§ **Work instructions**
Using the records that follow, reproduce exactly the lines starting at the line containing "握りやすい形状のステアリング" and ending at the line containing "Thumbnail: 2016 Nissan Altima - 13". Include both end lines and no pictures.

§ **Dataset content**
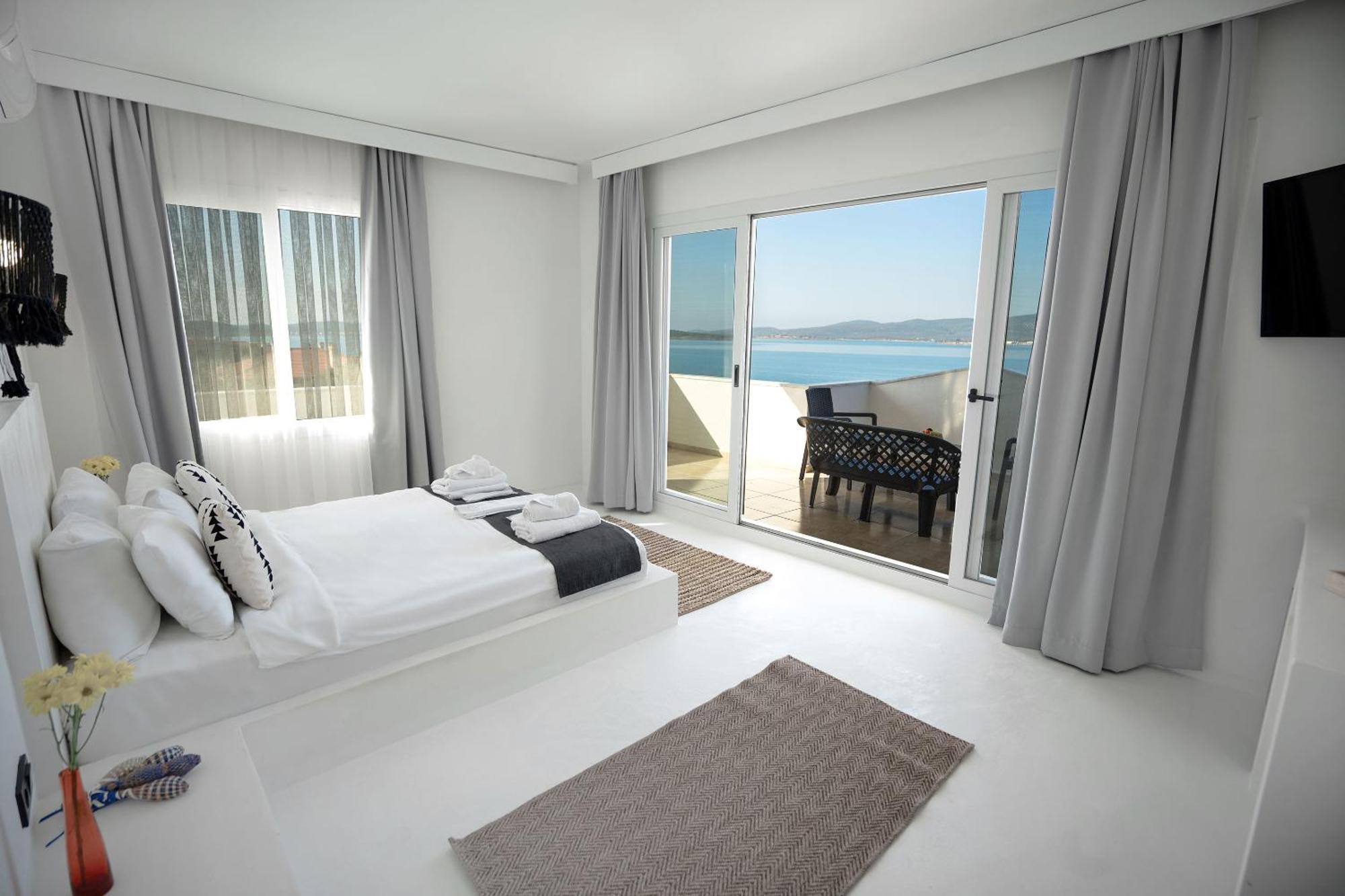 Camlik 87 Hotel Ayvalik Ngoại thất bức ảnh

---

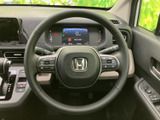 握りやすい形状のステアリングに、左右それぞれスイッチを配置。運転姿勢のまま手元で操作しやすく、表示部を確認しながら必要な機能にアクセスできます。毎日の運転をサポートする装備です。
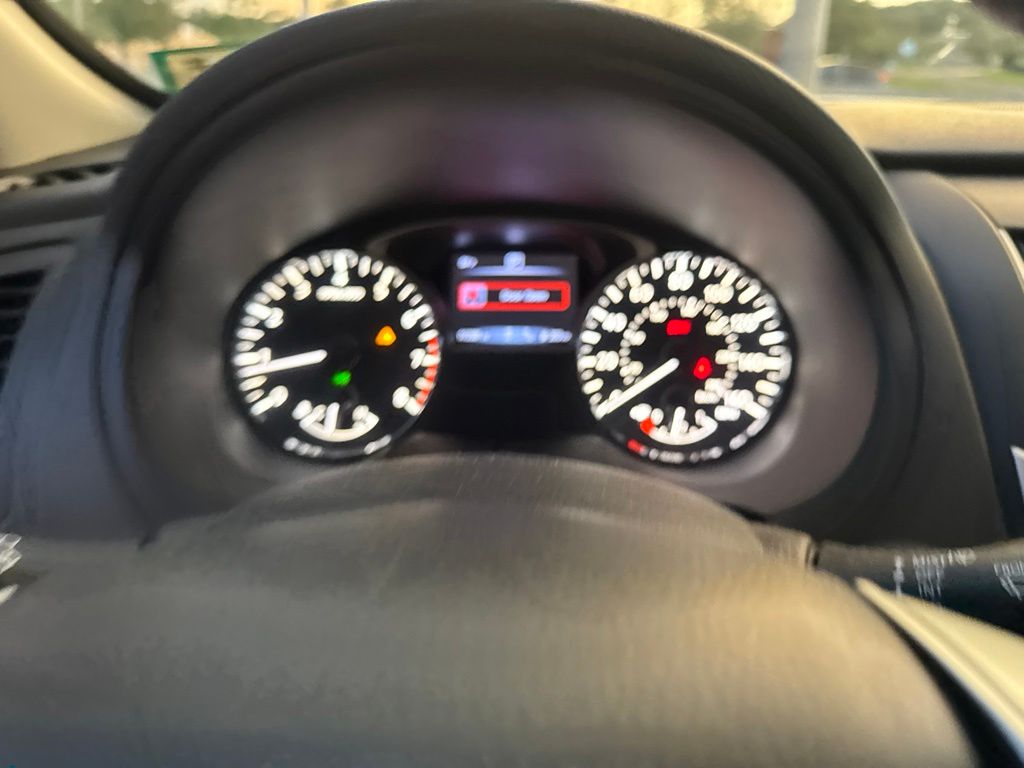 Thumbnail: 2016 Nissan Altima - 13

...

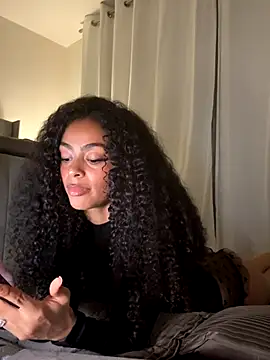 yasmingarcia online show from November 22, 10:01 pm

§ **Solution to the exercise**
 握りやすい形状のステアリングに、左右それぞれスイッチを配置。運転姿勢のまま手元で操作しやすく、表示部を確認しながら必要な機能にアクセスできます。毎日の運転をサポートする装備です。
 Thumbnail: 2016 Nissan Altima - 13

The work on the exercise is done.